Summer Programme - Club Speaker - Bill McCallum

Thu 24th August 2017 at 18.30 - 20.30

P.P. Bill McCallum will Address the Club H&R: John Robson & Roy Simpson VoT: Katrina Gibbons

At tonight’s meeting of the Rotary Club of Motherwell and Wishaw, Past President Bill McCallum was the speaker for the club's summer session and he choose for his subject Clyde Paddle Steamers in World War Two.

Twelve Clyde based paddle steamers were requisitioned in 1939 and were originally integrated into six minesweeping flotillas, the 7th to the 12th. Two, Duchess of Rothesay and Kylemore, worked with English Channel paddle steamers in the 10th Flotilla, Jeannie Deans, Caledonia, Mercury, Juno and Jupiter formed the 11th, based in Ardrossan.

The remaining five, Queen-Empress, Duchess of Fife, Eagle III, Marmion and Waverley, were together in the 12th Flotilla, based at Harwich. With Queen-Empress under repairs, the remaining four actively participated in Operation Dynamo, the evacuation of Dunkirk.

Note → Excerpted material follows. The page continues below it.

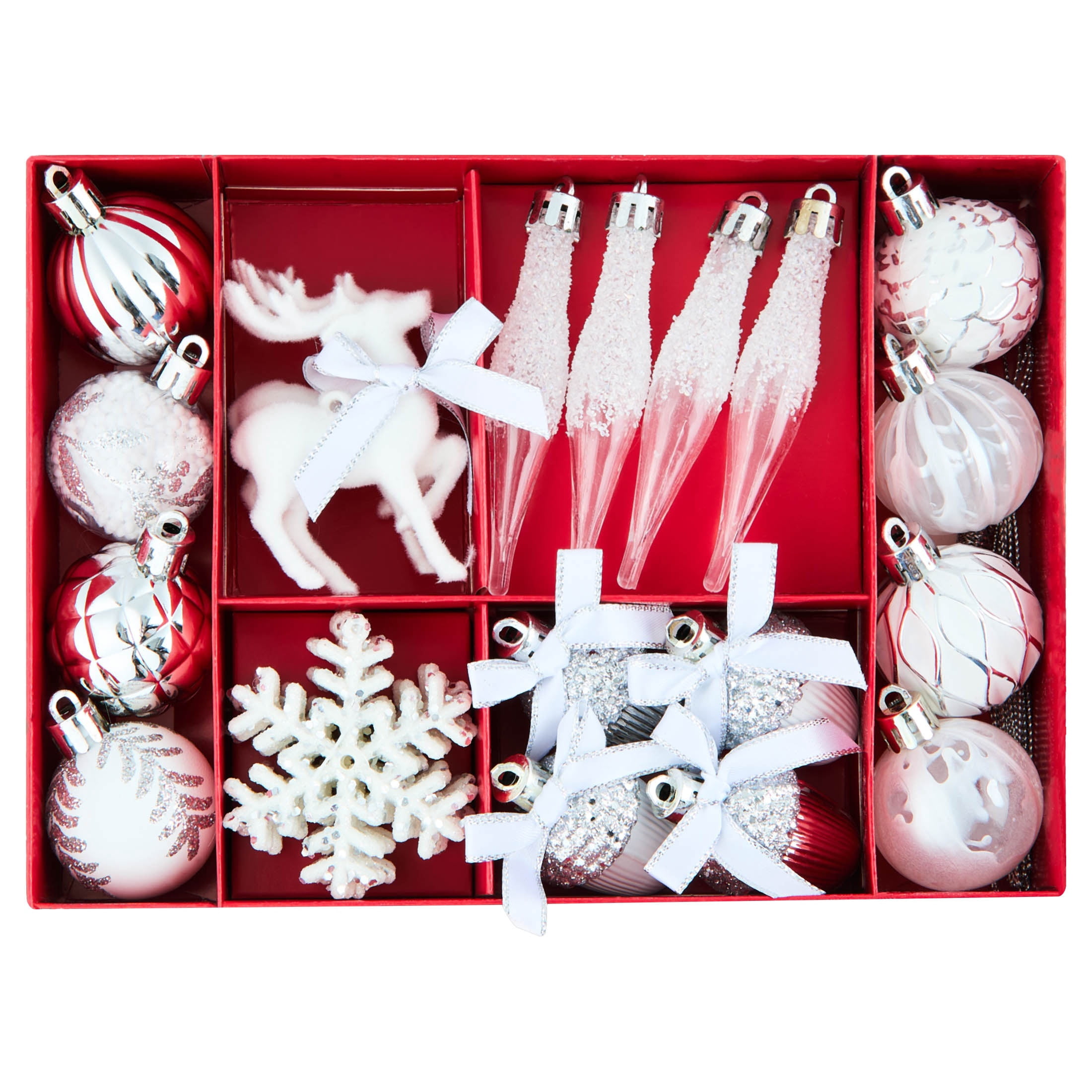 24-Count White and Silver Mini Christmas Ornaments, by Holiday Time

Of the four ships, Eagle III has the biggest influence on the evacuation being run ashore by her commander to provide a jetty for departing troops. The iconic Dunkirk photograph of troops wading out to a ship and, hopefully, safety was taken from the bridge of Eagle III. She made five round trips, beaching once more, and is credited with evacuating 2,587 troops, not counting the estimated 3/4,000 who crossed her decks to reach other vessels.

Marmion made three trips to the beaches bringing back 745 troops. Duchess of Fife crossed four times, taking off 1,801 troops.

Waverley, after assisting off shore until about 15.30, on 29th May, on the rising tide she approached the stern of Eagle III, leaving with approximately 600 troops. She began her return passage when twelve Heinkels swooped down on her in a concentrated attack. Unfortunately, a bomb struck her on the port quarter and crashed right through the bottom of the ship, leaving a gaping hole. She began to sink rapidly by the stern, taking nearly 400 troops down with her. Ironically, she sank 41 years, to the day, after her launch.

Bill advised that, in summer 1940 there was another call up from the Clyde, the L.N.E.R. paddle steamer Talisman. However, that was a story for another day!!

Katrina Gibbons thanked Bill for his presentation and talk.

The Pigeon Derby winners were Jim Robertson, Andrew Murray and Peter Cleland with Gordon Megahy picking up the weekly bonus ball.